Re: How to clear device errors w/o reboot?
norm.raphael_at_metso.com
Date: 02/23/05
- Next message: Dave Froble: "Re: Field name nomenclature (L, W, B etc)"
- Previous message: JLR: "Re: How to clear device errors w/o reboot?"
- Maybe in reply to: bob_at_instantwhip.com: "How to clear device errors w/o reboot?"
- Next in thread: JLR: "Re: How to clear device errors w/o reboot?"
- Reply: JLR: "Re: How to clear device errors w/o reboot?"
- Messages sorted by: [ date ] [ thread ] [ subject ] [ author ]
Date: Wed, 23 Feb 2005 11:41:57 -0500
ZDEC has been superseded by CLEAR_ERRORS (which AFAIK is less
likely to crash systems).
I don't remember where I got it, but the heads-up came from this
venue.
$ type aaareadme.txt
CLEAR_ERRORS clears the device error count on an Alpha VMS system.
Files in this contribution include:
AAAREADME.TXT - this file
BLD.COM - procedure to build CLEAR_ERRORS exe
CLEAR_ERRORS.C - source
CLEAR_ERRORS.EXE - executable
CLEAR_ERRORS.OBJ - compiled source
SET_ERRORS.C - program to set error count for each device
SET_ERRORS.EXE - executable
SET_ERRORS.OBJ - compiled source
SYSDOC.TXT - system documentation
SET_ERRORS is included because it was useful for testing
and debugging CLEAR_ERRORS.
Questions and comments are welcome.
Mark Oakley
Verizon Wireless
5165 Emerald Parkway
Dublin, OH 43017
614/560-8726
mark.oakley@verizonwireless.com
$ type sysdoc.txt
CLEAR_ERRORS zeroes out the error count for all devices on a VMS Alpha
system.
CPU and memory errors are also zeroed out.
The error count for a device is stored in a data structure called a unit
control block (UCB).

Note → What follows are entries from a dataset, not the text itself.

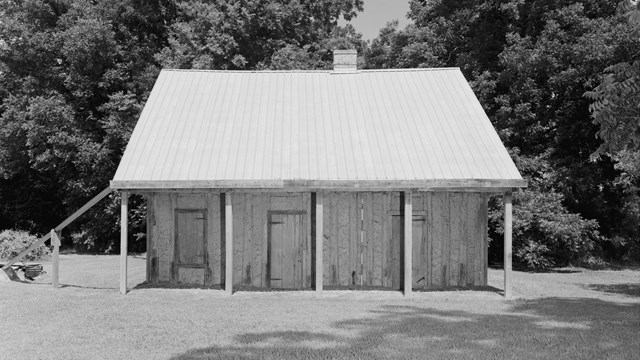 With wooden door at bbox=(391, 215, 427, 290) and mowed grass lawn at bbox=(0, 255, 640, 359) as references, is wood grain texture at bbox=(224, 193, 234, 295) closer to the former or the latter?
mowed grass lawn at bbox=(0, 255, 640, 359)

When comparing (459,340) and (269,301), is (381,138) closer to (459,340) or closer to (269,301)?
(269,301)

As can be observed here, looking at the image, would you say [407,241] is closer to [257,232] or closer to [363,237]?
[363,237]

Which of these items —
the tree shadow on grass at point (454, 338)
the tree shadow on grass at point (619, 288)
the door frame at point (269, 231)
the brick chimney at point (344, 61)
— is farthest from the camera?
the brick chimney at point (344, 61)

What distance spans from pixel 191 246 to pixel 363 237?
4.70 metres

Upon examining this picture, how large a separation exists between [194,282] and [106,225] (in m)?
16.7

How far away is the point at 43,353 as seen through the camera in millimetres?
9625

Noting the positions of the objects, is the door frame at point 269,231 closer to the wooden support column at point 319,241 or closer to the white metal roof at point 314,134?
the white metal roof at point 314,134

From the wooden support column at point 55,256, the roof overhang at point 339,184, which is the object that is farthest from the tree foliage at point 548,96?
the wooden support column at point 55,256

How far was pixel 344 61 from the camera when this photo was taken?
21.9m

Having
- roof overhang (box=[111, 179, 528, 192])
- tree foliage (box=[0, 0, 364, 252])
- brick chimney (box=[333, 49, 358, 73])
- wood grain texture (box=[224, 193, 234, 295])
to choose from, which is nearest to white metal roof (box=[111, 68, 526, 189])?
roof overhang (box=[111, 179, 528, 192])

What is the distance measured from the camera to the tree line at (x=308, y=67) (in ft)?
87.1

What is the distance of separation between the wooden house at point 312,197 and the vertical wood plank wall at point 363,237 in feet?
0.09

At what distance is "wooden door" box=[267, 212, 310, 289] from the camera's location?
18078 mm

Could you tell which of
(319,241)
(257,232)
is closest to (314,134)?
(257,232) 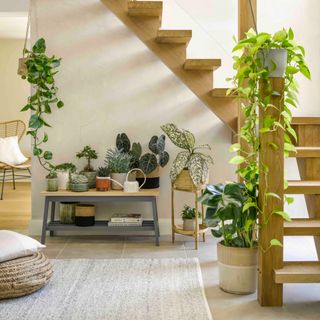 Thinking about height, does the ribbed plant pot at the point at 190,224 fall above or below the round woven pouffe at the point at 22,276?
above

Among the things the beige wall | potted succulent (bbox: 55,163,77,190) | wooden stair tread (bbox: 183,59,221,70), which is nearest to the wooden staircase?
wooden stair tread (bbox: 183,59,221,70)

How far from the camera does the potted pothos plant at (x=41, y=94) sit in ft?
14.0

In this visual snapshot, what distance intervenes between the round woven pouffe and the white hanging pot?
1.67 meters

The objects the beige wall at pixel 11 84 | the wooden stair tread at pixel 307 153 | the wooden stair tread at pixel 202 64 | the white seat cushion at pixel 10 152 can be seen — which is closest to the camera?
the wooden stair tread at pixel 307 153

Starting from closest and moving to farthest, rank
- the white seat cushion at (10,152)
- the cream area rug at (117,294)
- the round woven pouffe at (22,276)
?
the cream area rug at (117,294) → the round woven pouffe at (22,276) → the white seat cushion at (10,152)

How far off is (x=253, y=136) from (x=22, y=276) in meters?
1.49

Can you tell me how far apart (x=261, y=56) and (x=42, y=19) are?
2496mm

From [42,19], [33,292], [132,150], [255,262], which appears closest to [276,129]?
[255,262]

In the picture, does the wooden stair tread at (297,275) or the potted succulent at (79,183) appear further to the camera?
the potted succulent at (79,183)

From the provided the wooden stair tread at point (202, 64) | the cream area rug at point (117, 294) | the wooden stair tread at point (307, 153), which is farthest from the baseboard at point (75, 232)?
the wooden stair tread at point (307, 153)

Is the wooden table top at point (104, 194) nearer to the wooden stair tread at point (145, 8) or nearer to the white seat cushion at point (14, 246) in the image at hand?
the white seat cushion at point (14, 246)

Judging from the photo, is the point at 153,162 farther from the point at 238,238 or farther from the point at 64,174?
the point at 238,238

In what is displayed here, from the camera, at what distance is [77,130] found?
456cm

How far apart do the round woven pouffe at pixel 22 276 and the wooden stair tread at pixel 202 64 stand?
79.2 inches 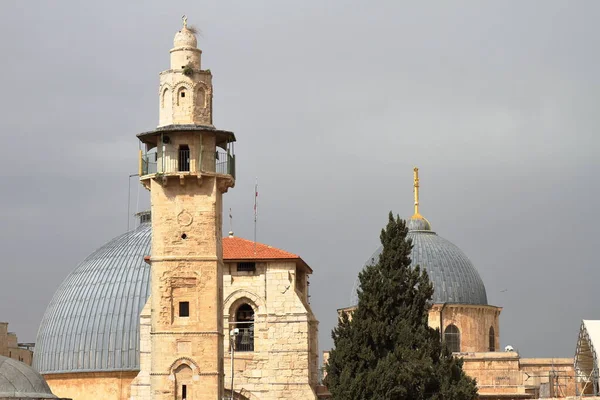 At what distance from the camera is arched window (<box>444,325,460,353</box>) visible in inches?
2330

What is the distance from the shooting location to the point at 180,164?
1668 inches

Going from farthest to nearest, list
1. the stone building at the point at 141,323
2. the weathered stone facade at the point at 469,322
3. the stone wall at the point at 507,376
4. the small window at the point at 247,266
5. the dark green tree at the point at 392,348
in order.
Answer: the weathered stone facade at the point at 469,322
the stone wall at the point at 507,376
the small window at the point at 247,266
the stone building at the point at 141,323
the dark green tree at the point at 392,348

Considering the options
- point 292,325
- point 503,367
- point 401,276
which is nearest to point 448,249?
point 503,367

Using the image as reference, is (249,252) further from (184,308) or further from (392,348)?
(392,348)

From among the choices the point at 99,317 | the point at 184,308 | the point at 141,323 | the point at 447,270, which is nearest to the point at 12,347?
the point at 99,317

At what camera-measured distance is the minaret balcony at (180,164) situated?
4200 centimetres

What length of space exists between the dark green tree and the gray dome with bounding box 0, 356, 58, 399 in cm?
809

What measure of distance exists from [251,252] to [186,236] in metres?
10.1

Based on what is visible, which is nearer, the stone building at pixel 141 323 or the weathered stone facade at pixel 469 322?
the stone building at pixel 141 323

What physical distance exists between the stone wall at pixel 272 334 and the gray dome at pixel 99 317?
25.9 feet

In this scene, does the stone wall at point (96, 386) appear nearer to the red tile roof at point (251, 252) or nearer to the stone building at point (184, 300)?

All device UCBs of a particular kind (e.g. DGA1:,
DGA2:,
etc.) are linked together. The first UCB in the list is pointed to by a
device
data block (DDB). The last UCB in the list contains a null value (0) as a
pointer. So the structure might look like:
DDB
|
---> UCB
link ----> UCB
err cnt link ----> UCB
err cnt 0
err cnt
Note that the UCB has over 100 fields. The above diagram just depicts a few
fields.
All of the DDBs are linked together. The first DDB in the list is pointed
to
by an SCS system block (SB). The last DDB contains a null value (0) as a
pointer. The structure might look like:
SB
|
---> DDB
link ----> DDB
link ----> DDB
0
Note that the DDB has over 20 fields. The above diagram just depicts the
link
field.
All of the SBs are arranged in a doubly linked list. The first SB in the
list
is pointed to by the global symbol SCS$GQ_CONFIG. The structure might look
like:
------------------------------------------------
| |
---> SCS$GQ_CONFIG <------------------------------ |
| | | |
| --->SB | |
| flink ----> SB | |
|---------- blink flink ----> SB | |
^--------- blink flink ----| |
^--------- blink |
^--------------|
Note that the SB has over 20 fields. The above diagram just depicts the
link
fields.
Each VMS system has at least one SB that points to all the local devices.
If
the system is clustered, then there will be one SB for each cluster member.
If
there are HSJ, HSC, or HSD controllers connected, there will be one SB for
each.
CLEAR_ERRORS starts at SCS$GQ_CONFIG and works its way through all these
linked lists, zeroing the error fields at it goes.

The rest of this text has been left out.